- _What to work on_
Please give back the listing below word for word and drop any images.

- _Dataset content_
■ ■ ■

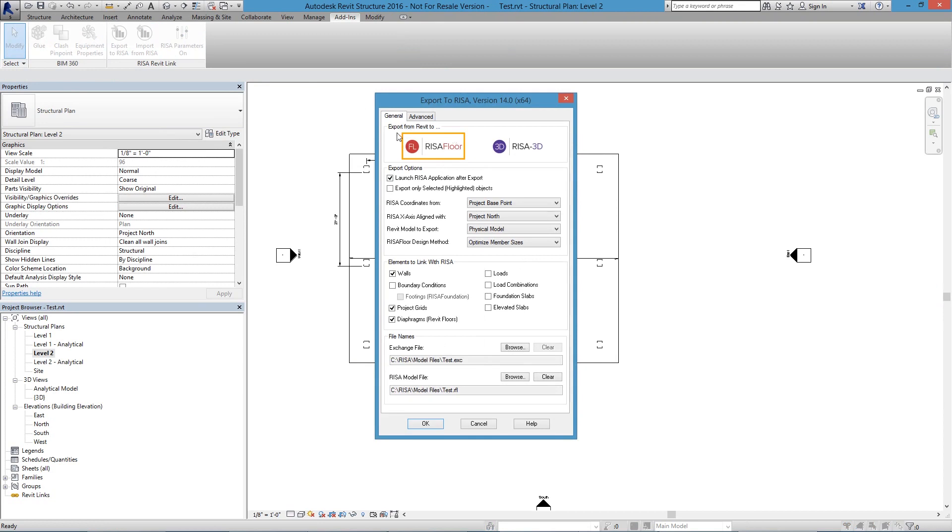So doing that, I go to RISA Floor at the top. I'm going to let the program here use its defaults. It's going to try to launch the program for us, RISA Floor, automatically. Since I have both the programs installed, RISA Floor and Revit Structure on my own computer, I can do that.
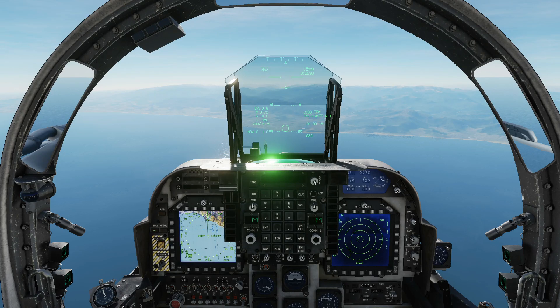Hello everyone, I hope you're all doing very well. Today we're in the AV-8B Harrier. It is January 2021 and we have new functionality for the JDAMs.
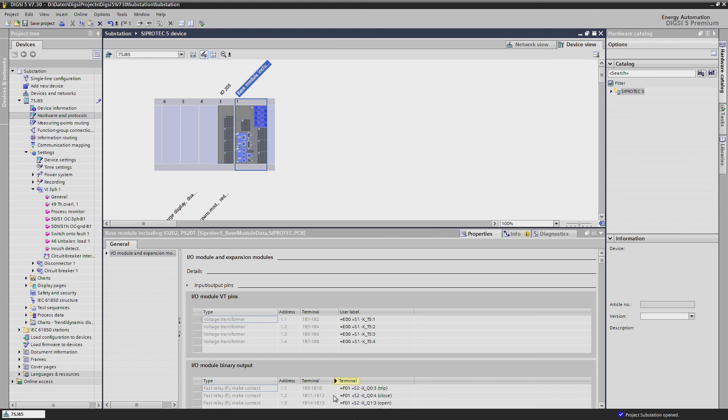In this way, everyone can check the wiring of the device quickly and without looking into the wiring plans.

■ ■ ■

- _Your solution_
So doing that, I go to RISA Floor at the top. I'm going to let the program here use its defaults. It's going to try to launch the program for us, RISA Floor, automatically. Since I have both the programs installed, RISA Floor and Revit Structure on my own computer, I can do that.
Hello everyone, I hope you're all doing very well. Today we're in the AV-8B Harrier. It is January 2021 and we have new functionality for the JDAMs.
In this way, everyone can check the wiring of the device quickly and without looking into the wiring plans.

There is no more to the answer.